The study also found that cabbage and chicken from high-income stores carried the highest abundance of ARGs classified as Risk Group I, defined as mobile ARGs directly associated with human pathogens. According to the researchers, the occurrence of ARGs in cabbage and chicken collected from high-income stores may increase potential health risks.

Although poultry is a recognized reservoir of antibiotic-resistant bacteria (ARB), the authors noted that the risk of ARB can be lowered if animal products are adequately prepared and cooked. In contrast, ready-to-eat (RTE) deli meats and produce are mostly consumed without any further processing or cooking, increasing ARB exposure risks.

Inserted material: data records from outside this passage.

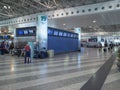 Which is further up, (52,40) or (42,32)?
(42,32)

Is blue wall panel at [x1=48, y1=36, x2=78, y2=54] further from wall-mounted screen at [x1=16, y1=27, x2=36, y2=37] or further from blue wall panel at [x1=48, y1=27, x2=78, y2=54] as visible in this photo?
wall-mounted screen at [x1=16, y1=27, x2=36, y2=37]

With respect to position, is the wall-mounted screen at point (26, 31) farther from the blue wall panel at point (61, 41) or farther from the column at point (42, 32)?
the blue wall panel at point (61, 41)

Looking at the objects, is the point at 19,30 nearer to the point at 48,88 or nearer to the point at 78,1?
the point at 78,1

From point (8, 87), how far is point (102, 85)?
313 centimetres

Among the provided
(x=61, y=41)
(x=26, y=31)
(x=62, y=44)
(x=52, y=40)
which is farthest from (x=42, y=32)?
(x=62, y=44)

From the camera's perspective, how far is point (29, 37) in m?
17.7

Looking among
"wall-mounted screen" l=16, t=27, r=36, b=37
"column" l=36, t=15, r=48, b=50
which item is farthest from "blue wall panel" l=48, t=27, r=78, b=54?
"column" l=36, t=15, r=48, b=50

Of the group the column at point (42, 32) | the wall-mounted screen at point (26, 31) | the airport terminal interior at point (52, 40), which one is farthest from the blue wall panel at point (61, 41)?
the column at point (42, 32)

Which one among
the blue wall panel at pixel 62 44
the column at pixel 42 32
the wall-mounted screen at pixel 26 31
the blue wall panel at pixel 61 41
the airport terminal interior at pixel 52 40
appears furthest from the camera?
the blue wall panel at pixel 62 44

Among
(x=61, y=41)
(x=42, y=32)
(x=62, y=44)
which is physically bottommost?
(x=62, y=44)

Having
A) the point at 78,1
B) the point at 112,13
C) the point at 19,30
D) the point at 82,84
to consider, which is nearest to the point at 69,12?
the point at 78,1

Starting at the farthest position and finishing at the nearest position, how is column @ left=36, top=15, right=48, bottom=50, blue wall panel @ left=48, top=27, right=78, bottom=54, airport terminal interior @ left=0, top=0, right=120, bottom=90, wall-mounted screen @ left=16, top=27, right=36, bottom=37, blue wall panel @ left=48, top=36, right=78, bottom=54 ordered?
blue wall panel @ left=48, top=36, right=78, bottom=54, blue wall panel @ left=48, top=27, right=78, bottom=54, wall-mounted screen @ left=16, top=27, right=36, bottom=37, column @ left=36, top=15, right=48, bottom=50, airport terminal interior @ left=0, top=0, right=120, bottom=90

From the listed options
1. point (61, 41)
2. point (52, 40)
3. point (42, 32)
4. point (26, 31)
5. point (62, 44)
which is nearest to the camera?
point (42, 32)

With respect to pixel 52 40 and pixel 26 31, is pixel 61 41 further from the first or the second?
pixel 26 31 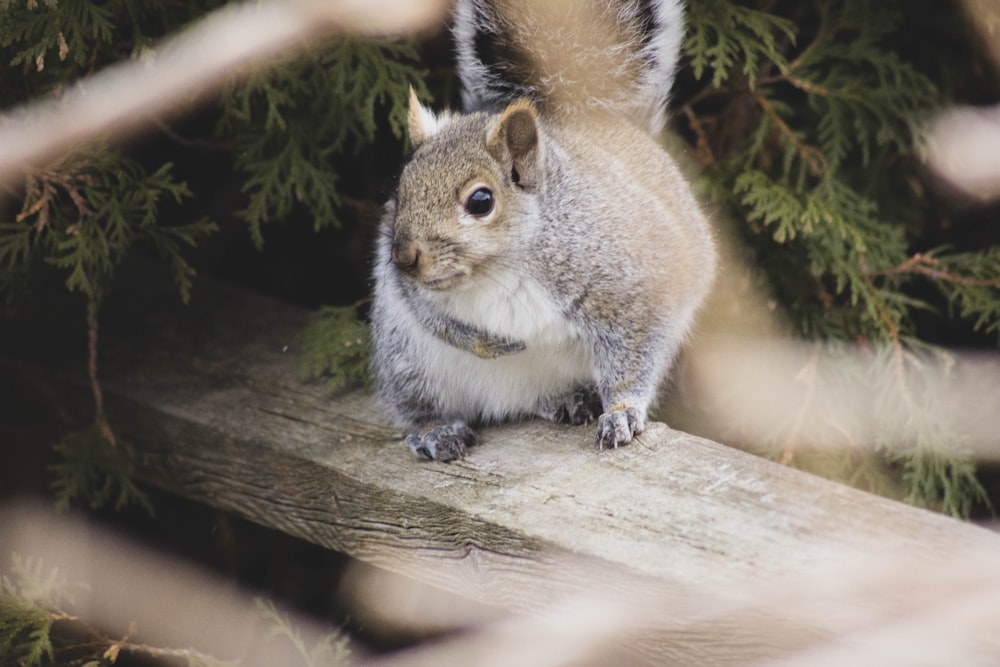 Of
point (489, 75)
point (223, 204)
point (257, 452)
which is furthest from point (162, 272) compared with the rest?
point (489, 75)

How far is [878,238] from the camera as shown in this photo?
2.60m

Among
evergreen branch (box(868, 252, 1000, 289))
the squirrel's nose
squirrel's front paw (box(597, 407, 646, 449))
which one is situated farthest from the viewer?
evergreen branch (box(868, 252, 1000, 289))

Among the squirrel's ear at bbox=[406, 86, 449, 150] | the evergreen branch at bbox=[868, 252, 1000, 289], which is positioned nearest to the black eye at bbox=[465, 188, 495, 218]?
the squirrel's ear at bbox=[406, 86, 449, 150]

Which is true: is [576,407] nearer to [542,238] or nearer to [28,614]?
[542,238]

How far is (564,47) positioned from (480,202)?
53 cm

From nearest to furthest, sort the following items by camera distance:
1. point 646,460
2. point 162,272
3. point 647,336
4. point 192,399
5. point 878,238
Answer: point 646,460, point 647,336, point 192,399, point 878,238, point 162,272

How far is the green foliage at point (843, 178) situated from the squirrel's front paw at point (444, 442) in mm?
862

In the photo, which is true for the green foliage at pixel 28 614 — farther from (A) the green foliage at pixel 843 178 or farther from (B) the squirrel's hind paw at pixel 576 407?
(A) the green foliage at pixel 843 178

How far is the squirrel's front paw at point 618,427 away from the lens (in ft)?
6.34

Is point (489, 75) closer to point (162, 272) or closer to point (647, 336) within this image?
point (647, 336)

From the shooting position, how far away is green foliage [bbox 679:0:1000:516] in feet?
8.00

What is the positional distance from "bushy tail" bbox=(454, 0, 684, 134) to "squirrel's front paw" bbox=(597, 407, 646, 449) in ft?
2.26

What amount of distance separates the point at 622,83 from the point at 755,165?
0.64 m

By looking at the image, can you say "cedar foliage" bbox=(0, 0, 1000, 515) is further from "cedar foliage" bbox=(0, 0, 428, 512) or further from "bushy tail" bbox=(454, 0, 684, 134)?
"bushy tail" bbox=(454, 0, 684, 134) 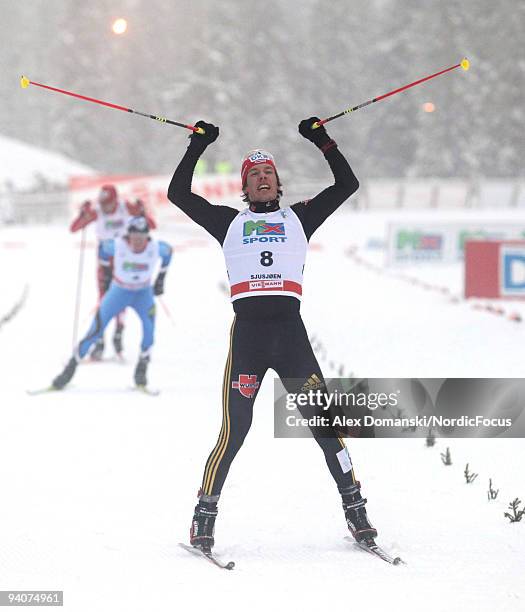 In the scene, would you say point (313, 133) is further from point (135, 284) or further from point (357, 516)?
point (135, 284)

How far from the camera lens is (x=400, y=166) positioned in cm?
5684

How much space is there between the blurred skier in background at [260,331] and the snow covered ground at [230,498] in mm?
290

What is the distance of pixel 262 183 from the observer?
4945 millimetres

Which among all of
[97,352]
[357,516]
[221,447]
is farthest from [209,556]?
[97,352]

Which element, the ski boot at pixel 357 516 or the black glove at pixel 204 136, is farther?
the black glove at pixel 204 136

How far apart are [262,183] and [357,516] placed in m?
1.73

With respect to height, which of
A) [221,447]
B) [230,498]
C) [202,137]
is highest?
[202,137]

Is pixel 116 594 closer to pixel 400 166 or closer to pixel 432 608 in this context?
pixel 432 608

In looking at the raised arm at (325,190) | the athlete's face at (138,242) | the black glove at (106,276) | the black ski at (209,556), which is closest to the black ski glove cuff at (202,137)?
the raised arm at (325,190)

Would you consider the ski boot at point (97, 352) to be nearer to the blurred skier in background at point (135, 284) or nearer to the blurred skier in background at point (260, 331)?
the blurred skier in background at point (135, 284)

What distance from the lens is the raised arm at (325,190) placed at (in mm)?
5039

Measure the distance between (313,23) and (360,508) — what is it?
59.5m

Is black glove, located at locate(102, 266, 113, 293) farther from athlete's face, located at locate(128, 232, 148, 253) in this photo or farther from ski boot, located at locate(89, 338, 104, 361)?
ski boot, located at locate(89, 338, 104, 361)

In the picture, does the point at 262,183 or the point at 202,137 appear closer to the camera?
the point at 262,183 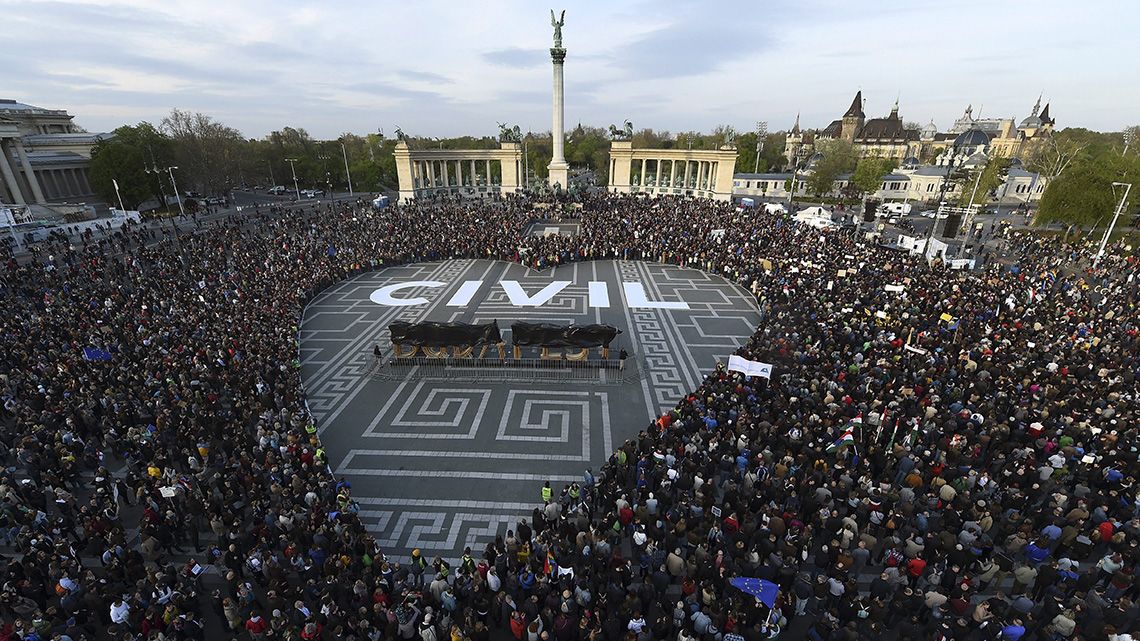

Factors Influencing ARG Distribution

The researchers reported that differences in ARG abundance between foods from low-income and high-income stores were not statistically significant, although some variation was observed. They attributed these differences to factors including agricultural practices, antibiotic use, storage conditions, sanitation practices, and environmental conditions such as temperature and humidity.

Additionally, the researchers explained that soil acts as a major reservoir of ARGs, and that antibiotic residues in agricultural environments may promote the transfer of resistance genes from non-pathogenic to pathogenic bacteria.

Strong Correlation Between ARGs and Pathogens

Network analysis revealed “a robust positive correlation” between ARGs and bacterial genera, including Pseudomonas, Enterobacter, Enterococcus, Serratia, Pantoea, and Weissella. The presence of these bacteria, which are known reservoirs of ARGs, may contribute to the persistence and spread of antimicrobial resistance (AMR) in the food supply.

The researchers also reported a statistically significant correlation between ARGs and microbial community composition, suggesting that environmental and handling conditions may influence ARG prevalence.

Implications for Industry

The study concluded that the presence of ARGs and associated pathogens in food poses a significant public health concern, and that retail foods may act as vehicles for the transmission of ARGs through ARB.

The authors emphasized that integrating metagenomic sequencing with qPCR improves detection accuracy and provides a more comprehensive assessment of ARG profiles. They suggested that this combined approach could support AMR surveillance and inform targeted interventions to reduce risks across the food supply chain.